The Water’s Keeper
Texas’ top conservationist, Laura Huffman, is a woman with a plan, and she’s determined to preserve the resources of the state she loves / By Robin Rather
“I like swimming in it. I like working on the policy around it. And I like to see it protected,” she says.
Watershed protection has been a constant, deep undercurrent driving her career. And now that Texas is in the midst of its worst drought in 60 years, Huffman’s role as a strategist, an innovator and highly disciplined public servant has never been more important. The drought has spawned out-of-control wildfires, left farmers with no irrigation for their crops, killed millions of trees and even changed the migratory patterns of birds. Huffman is the latest in a long line of Texas women who have stayed calm and determined in the midst of natural disaster. Her plan is as straightforward as a line painted down I-35:
“Drive water use down,” she says. “Our state is counting on each and every one of us to use less water. We’re going to have to stop asking, ‘How much can I have?’ and start asking, ‘How much do I need?’”

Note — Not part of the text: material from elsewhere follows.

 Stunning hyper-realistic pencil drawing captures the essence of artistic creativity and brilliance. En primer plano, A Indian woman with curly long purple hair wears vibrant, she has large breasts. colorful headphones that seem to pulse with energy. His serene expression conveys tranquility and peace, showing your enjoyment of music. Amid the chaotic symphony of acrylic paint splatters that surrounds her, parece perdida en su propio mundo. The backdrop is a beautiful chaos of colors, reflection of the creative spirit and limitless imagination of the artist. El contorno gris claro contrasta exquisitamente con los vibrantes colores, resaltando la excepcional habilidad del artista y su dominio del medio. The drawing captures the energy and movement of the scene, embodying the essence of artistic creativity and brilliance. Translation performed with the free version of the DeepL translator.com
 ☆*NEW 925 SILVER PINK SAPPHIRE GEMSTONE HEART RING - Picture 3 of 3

These are strong words coming from a representative of The Nature Conservancy, an organization that prides itself on science -based solutions and a pragmatic, non-confrontational operating philosophy. Huffman’s latest op-ed (statesman.com/opinion/insight), which outlines her plan, was well received and re-posted widely on the Internet throughout the state. She has a way of saying things that are true without making people go crazy. Huffman’s no-nonsense style, say her friends and co-workers, defines her success.

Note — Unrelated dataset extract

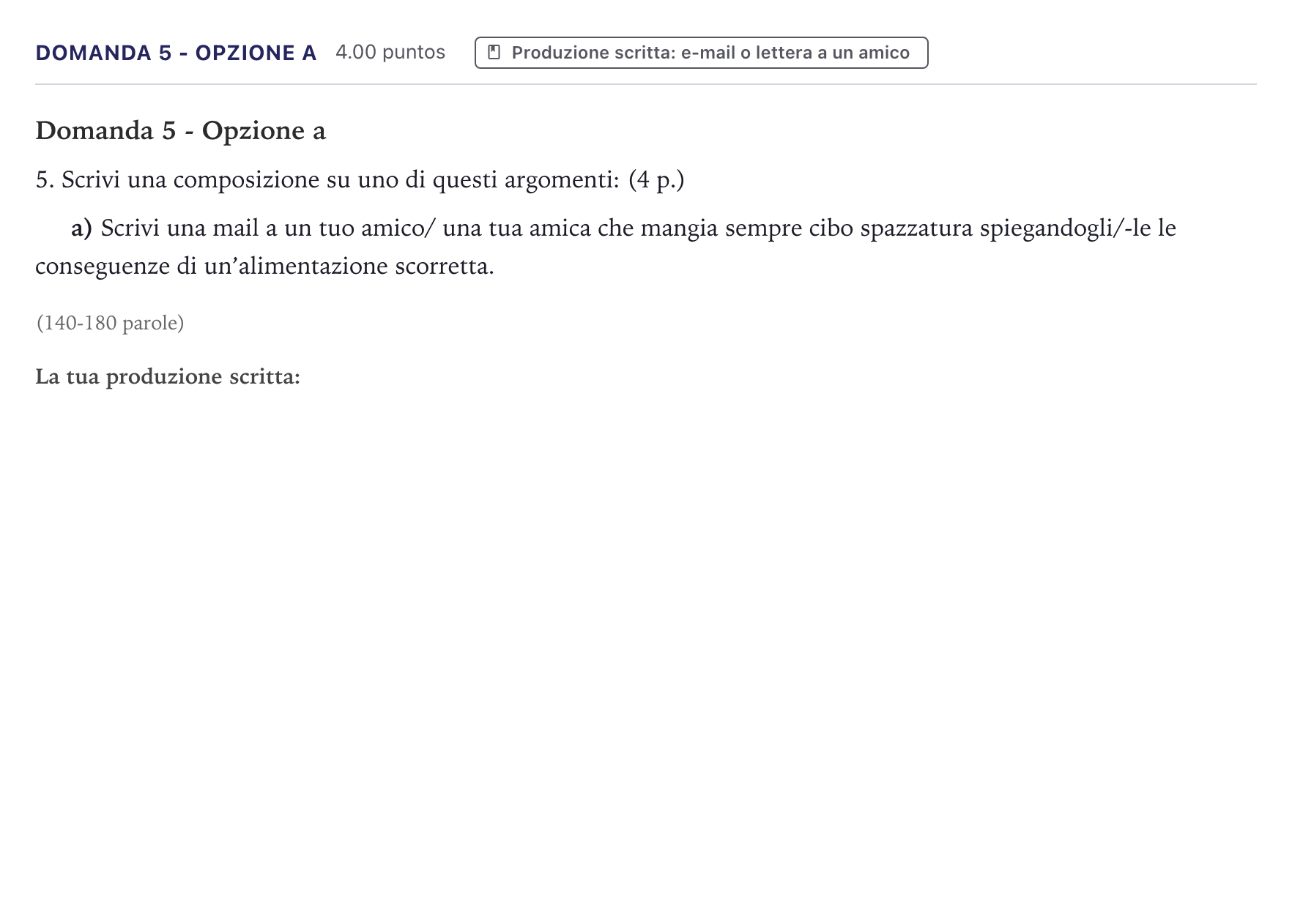 Enunciado: Ejercicio Domanda 5 - Opzione a · Italiano PAU Canarias Julio 2026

“Her views are always so well-researched and so logical,” Cookie Ruiz admiringly says. “She’s done her homework, looked at all the options; she’s run all the traps. She can aim the right level of detail at the right crowd. So many people are strong at the 100,000-foot level but then get three detailed questions and are utterly stumped. Not her. I’m always stunned at her innate intelligence and ability to persuade using common sense and logic. I’m very interested in people who can change the world, and Laura is very interesting to me right now.”
Huffman agrees that a big part of her effectiveness as an executive both in city management and in her role as state director for the Conservancy is to find what she calls “the alignment between the big picture and the details.”
“One without the other will not work,” she says. “How did I come up with my style of focusing on both the big picture and the details as part of my job? I’d love to say this is part of an epiphany I had one evening about public service, but the truth is I find it’s a practical approach. If all you ever focus on is the big picture, you can’t guarantee that vision is being operationalized. That means your results will be interesting ideas that went nowhere. On the other hand, if you stay in the weeds and only focus on the details, you can never know if it added up to anything. And chances are it won’t. We need big ideas. They are important. They animate and energize communities.”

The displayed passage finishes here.